Recuerdo que, en cierta ocasión, me llamaron del colegio donde estudiaba una de mis hijas porque continuamente desaparecían lápices en su aula; y ella era una de las «sospechosas» de robarlos. Lo primero que pensé cuando me lo comentaron fue que mi hija no era una ladrona y que ese colegio era una porquería. Por aquel entonces, mi hija tenía ocho años y yo era bastante sobreprotector. Me presenté ante el director y demás profesores con una marcada indignación de padre maltratado, sin haber hablado siquiera con mi hija. Al ver mi exaltación y mi actitud defensiva, una psicóloga me preguntó: «¿Usted está totalmente seguro de que su hija no ha robado los lápices? ¿Pondría las manos en el fuego? ¿Diría que es absolutamente imposible?». Mi respuesta fue categórica y dogmática: «Sí, estoy totalmente seguro, pondría las manos en el fuego y es absolutamente imposible.» A los pocos días descubrieron que el niño responsable era de otra aula y mi orgullo fue resarcido. Lo que quiero señalar con esta anécdota es que en el momento del interrogatorio, aun a sabiendas de que la cleptomanía es común en ciertos niños y que de ninguna manera puede censurarse éticamente a un menor por ello, yo sentía que estaban atacando moralmente a mi familia. Habría apostado la vida sin dudarlo, cuando, en realidad, las tres preguntas que me hizo la psicóloga deberían haberme hecho aterrizar. Mi racionalidad se vino a pique y mi afecto me llevó a descartar de plano todo aquello que estuviera en contra de mi encolerizado pensamiento. No fui flexible, no le di cabida a la reflexión. En otras palabras: el que tomó la decisión fue el corazón herido.
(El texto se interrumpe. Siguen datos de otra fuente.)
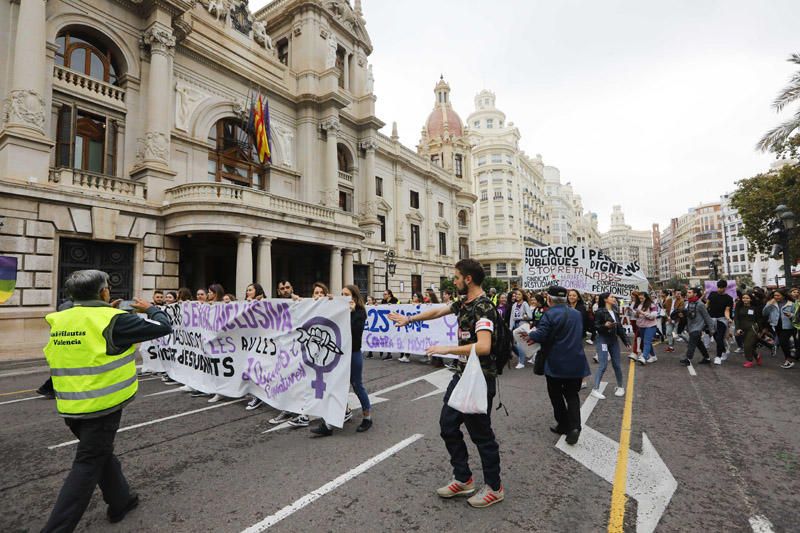 Estudiantes protestan en València contra el machismo en las aulas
¿Cómo defienden las mentes rígidas sus dogmas, si los hechos objetivos las contradicen? ¿Cómo logran seguir aferradas a sus ideas, pese a la irracionalidad de las mismas? ¿Por qué la vida cotidiana no las lleva a cambiar y abandonar la obstinación? El procedimiento de automantenimiento es el siguiente: consciente o inconscientemente, manipulan la información a su favor. Señalaré algunas de estas operaciones psicológicas defensivas por las cuales la mente dogmática mantiene a raya la información discrepante para no desprenderse de sus esquemas y mantenerlos activos: apelación a la autoridad; «ya lo he decidido»; razonamiento emocional; «todo es posible» y «la cosa podría ser peor».
42. Zajonc, R. B. (1980). «Feeling and thinking: Preferences need no inferences.» American Psychologist, 35, 151-175.